Mogilner’s research has other, more positive, implications for how happy retirees would feel living in a foreign country. Her studies suggest that the disparity in how young and old people view happiness appears to come from the degrees of importance those two groups place on the future and the present. Younger people are generally more focused on the future — probably because their futures are longer — and therefore base their happiness more on excitement. Older people place a higher value on the present moment. So if retiring abroad allows one to enjoy the present moment with more ease than retiring in the U.S. would, it could lead to greater happiness.
“Older people tend to value small moments — like being in nature, sitting in one’s garden, enjoying a seaside view and even walking outside. They tend to find serenity and peacefulness in that environment,” she notes.
Perhaps the biggest reason retiring abroad could lead to greater happiness goes back to money and health. Chronic stressors — anxiety about financial strain for instance — can make healthy adults more prone to illness. Persistent stress is linked to an increased risk for heart disease and other serious health problems.
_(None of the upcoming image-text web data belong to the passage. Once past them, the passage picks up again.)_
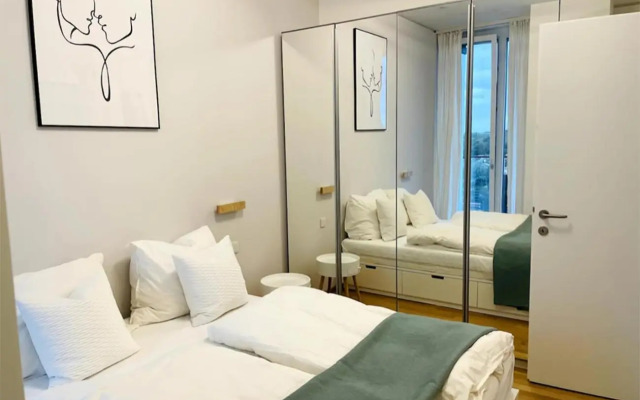 Sonnenaufgang über den Prater - Pool am Dach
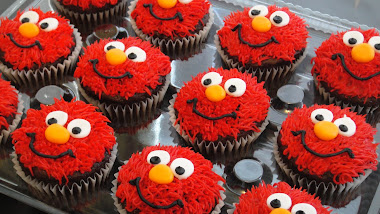 Elmo Cupcakes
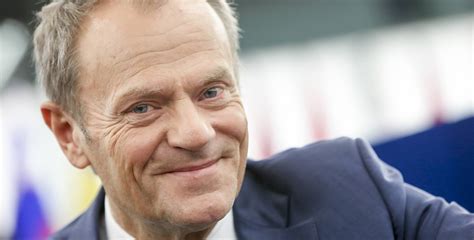 Donald franciszek tusk ˈdɔnalt franˈʨiʃɛk ˈtusk anhören? Tusk: slobodu i vladavinu prava ne smijemo prepustiti ...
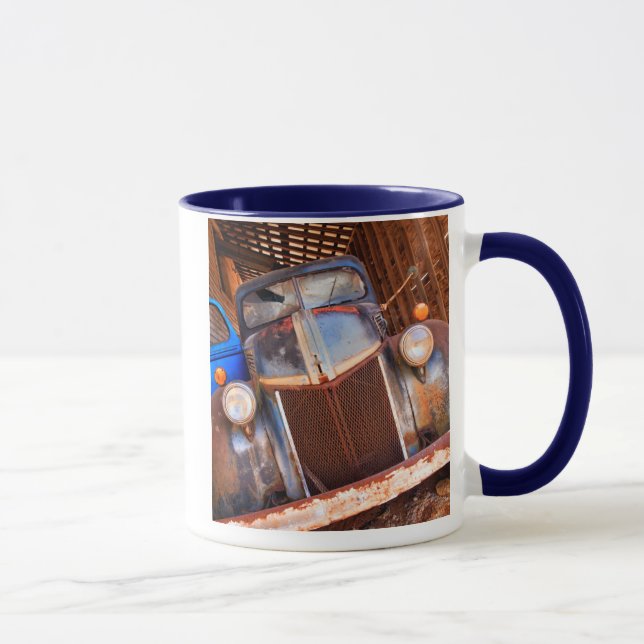 Caneca Caminhão enferrujado em uma fazenda (Direita)
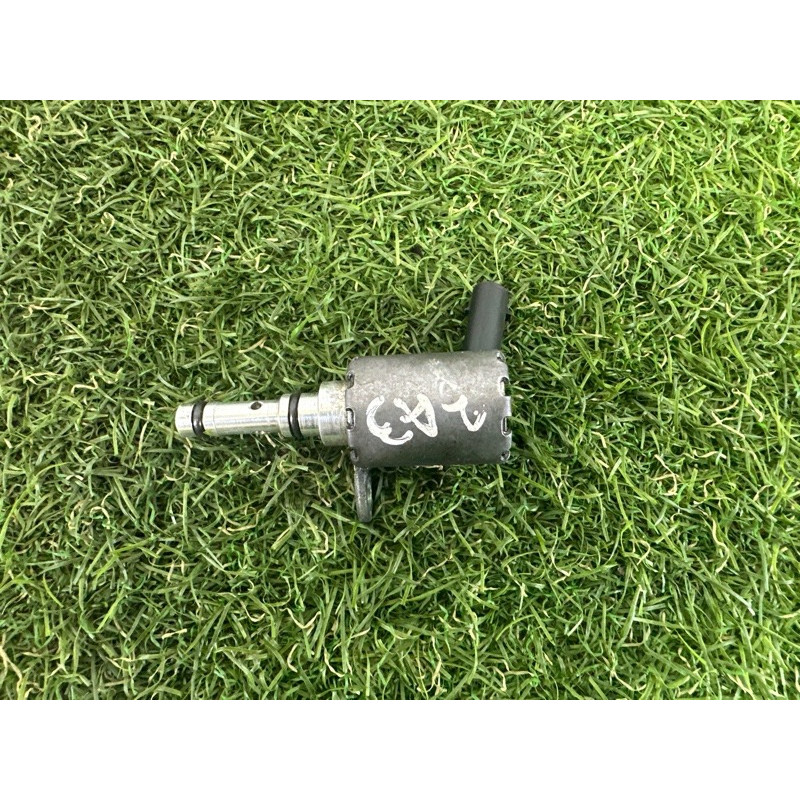 Клапан регулировки давления масла (электрика двигателя) AUDI A3 8V 2015 1.8 CNSB 06K115243M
“We know that stress and anxiety play a big role in people’s happiness, particularly at the stage of life where happiness is intimately tied to calm peacefulness,” says Mogilner. “To the extent that your financial situation is contributing to your stress and you can remove those stressors [by retiring to a place where your cost of living is much less], it could lead to greater happiness.”
Prescher, for his part, has no regrets about leaving Omaha behind. And he expects more American seniors living on fixed incomes will make a similar choice in the years to come. “No matter how you are doing financially — with your 401(k) or other investment accounts — if you can instantly cut your cost of living in half or more, that’s money in the bank,” he says. “It takes a sense of adventure and appetite for risk. You have to learn some patience. But other than that, it’s not a hard decision to make.”